Axelrod Doubts Greene’s Credibility as Candidate
Updated: June 13, 6:10 p.m.
White House adviser David Axelrod suggested Sunday that South Carolina Senate candidate Alvin Greene (D) was not a credible choice and gave a thinly veiled call for the nominee to withdraw.
“I think the Democrats of South Carolina deserve a strong candidate,” Axelrod said on NBC’s “Meet the Press.” “I don’t think he can claim himself to be a strong, credible candidate.”
Greene, an unknown, unemployed military veteran, surprised South Carolina voters last week with his victory in the Democratic primary. He faces incumbent Sen. Jim DeMint (R) in November’s general election.
“It was a mysterious deal,” Axelrod said of Greene’s election. “The whole thing is odd, and I don’t really know how to explain it, and I don’t think anyone else does either.”

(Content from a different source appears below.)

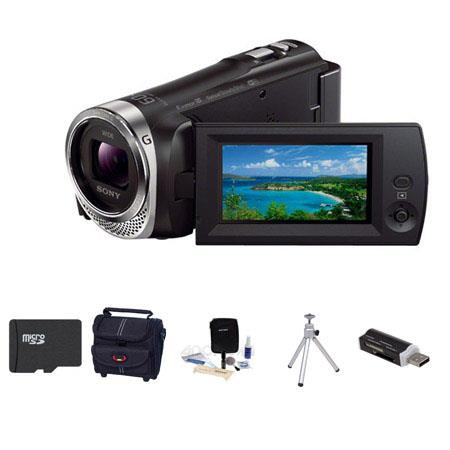 Sony HDR-CX330 Full HD Handycam Camcorder, - Bundle With 8GB Micro SDHC Card, Carrying Case, Cleaning Kit, Table Top Tripod, SD Card Reader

House Majority Whip Jim Clyburn (D-S.C.) said on CNN’s “State of the Union” that “I don’t see myself getting behind Mr. Greene” as the Democratic candidate.
Clyburn also reiterated his belief that Greene is “someone’s plant” in the election.
“People intentionally circumvented the law, the rules and regulations, did not file any disclosures, did not file any of their campaign finances, yet they spent hundreds of thousands of dollars running this campaign and broke every law,” Clyburn said.
During his appearance on “Meet the Press,” Axelrod predicted a strong Democratic showing in November. Axelrod, the chief architect of President Barack Obama’s 2008 campaign, highlighted the “large-scale effort” by the Democratic National Committee’s grass-roots arm Organizing for America to lure first-time voters from 2008 to return to election booths this fall.
He suggested that the $50 million push would promote a broad messaging strategy that would stand in contrast to what the White House adviser called “a drift of the Republican Party.”
“The Republican Party continues its march rightward,” Axelrod said, pointing to conservative GOP Senate nominee Sharron Angle of Nevada as an example. “I think it’s going to make for a very interesting November.”
The GOP nominee for a Senate seat in California, Carly Fiorina, said the rise of women in politics and of conservatives like herself and Angle was a gain for the GOP. Fiorina was one of a handful of female candidates to win in last week’s bout of primaries throughout the country.
“Candidates are reflecting the diversity of America, and isn’t that a wonderful thing?” Fiorina said on “Meet the Press.” “I think that’s a natural progression, and I think it’s worth celebrating.”
Meanwhile, House Majority Leader Steny Hoyer (D-Md.) maintained during an appearance on ABC’s “This Week” that Democrats would keep their majority after November, while Minority Leader John Boehner (R-Ohio) said his party has “a real shot at the majority.”
“We’ve got 100 seats in play,” Boehner said. “We have a real shot at winning a majority so that we can put a check on this administration and all the spending that’s out of control here in Washington, D.C.”